I write this post because since I use slurm, I have not been able to use ray correctly.
Whenever I use the commands :
ray.init
trainer = A3CTrainer(env = “my_env”) (I have registered my env on tune)
, the program crashes with the following message :
core_worker.cc:137: Failed to register worker 01000000ffffffffffffffffffffffffffffffffffffffffffffffff to Raylet. IOError: [RayletClient] Unable to register worker with raylet. No such file or directory
The program works fine on my computer, the problem appeared with the use of Slurm. I only ask slurm for one gpu.
Thank you for reading me and maybe answering.
Have a great day
I see further details on the same question on SO, copying here for visibility:
import ray
from ray.rllib.agents.a3c import A3CTrainer
import tensorflow as tf
from MM1c_queue_env import my_env #my_env is already registered in tune
ray.shutdown()
ray.init(ignore_reinit_error=True)
trainer = A3CTrainer(env = "my_env")
print("success")
To launch the program with slurm, I use the following program :
Just to share that I had the same problem, and for me it seems to be resolved by setting num_cpus=1 (or whatever number of cores I request from slurm) in ray.init solved the problem, as per one of the answers on SO.
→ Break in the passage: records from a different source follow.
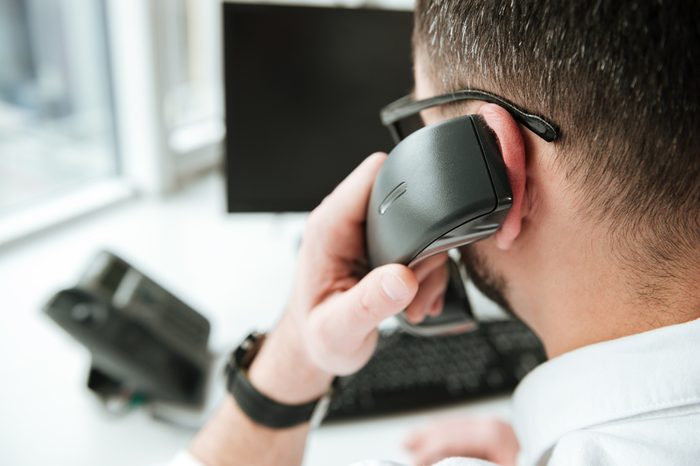 Back view of man in white shirt and eyeglasses which sitting by the table with computer and talking on phone. Close up view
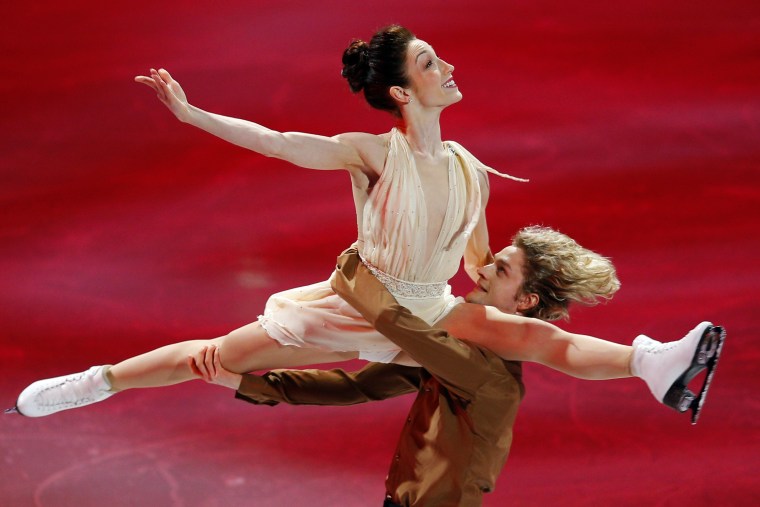 Ice dance gold medallists Meryl Davis and Charlie White (R) skate during an exhibition event at the conclusion of the U.S. Figure Skating Championship...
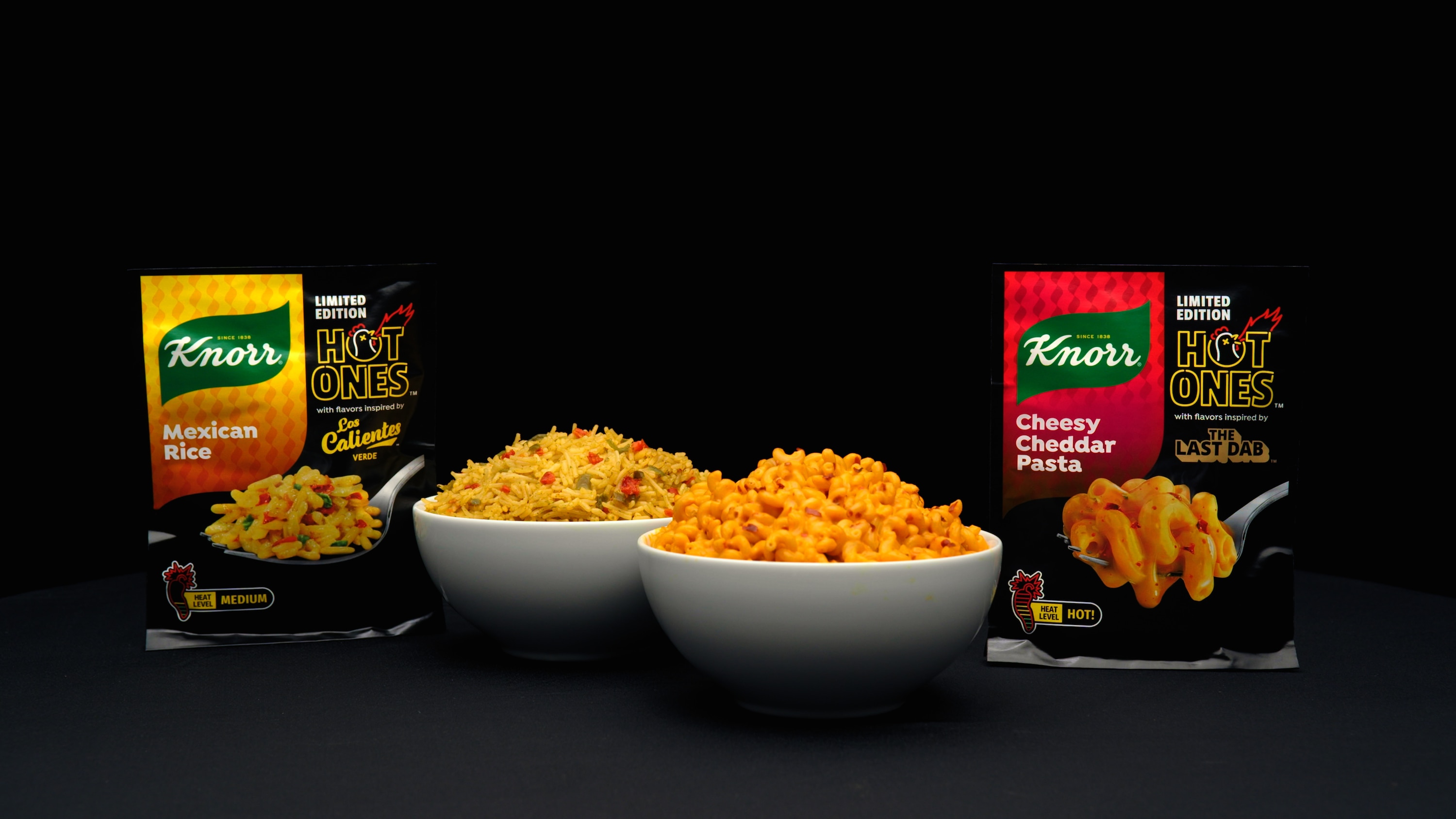 Knorr x Hot Ones limited edition Mexican Rice and Cheesy Cheddar Pasta products displayed with prepared rice and pasta dishes.
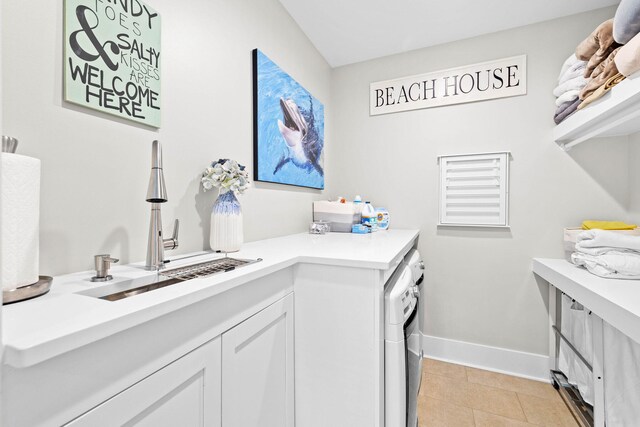 117 W Okeechobee, Santa Rosa Beach, FL 32459 - washroom featuring washing machine and dryer and light tile patterned floors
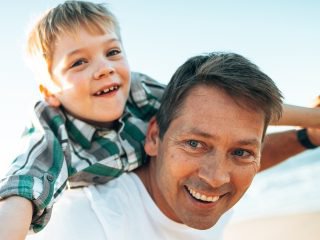 Son on dads back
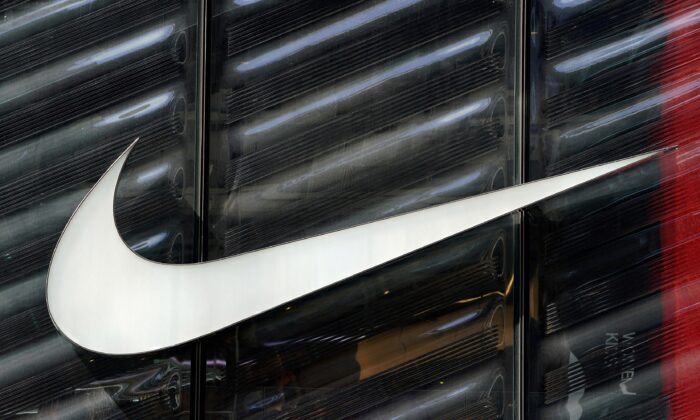 The Nike swoosh logo is seen outside a store on 5th Avenue in New York, on March 19, 2019. (Carlo Allegri/Reuters)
@cade Actually, it turns out this still happens for me! But only if I request only a single CPU core from SLURM (i.e. set -n 1 in sbatch). Two or more cores are fine, most of the time even if Ray then uses more worker processes than I requested cores. This happens even if I run ray in local mode! I am told by our cluster support that -n 1 does nothing other than pin all the processes to a single physical core.
One thing I should add is that I am not running a whole Ray cluster on top of slurm, I just want to run one single rllib experiment per slurm job (but multiple such slurm jobs in parallel).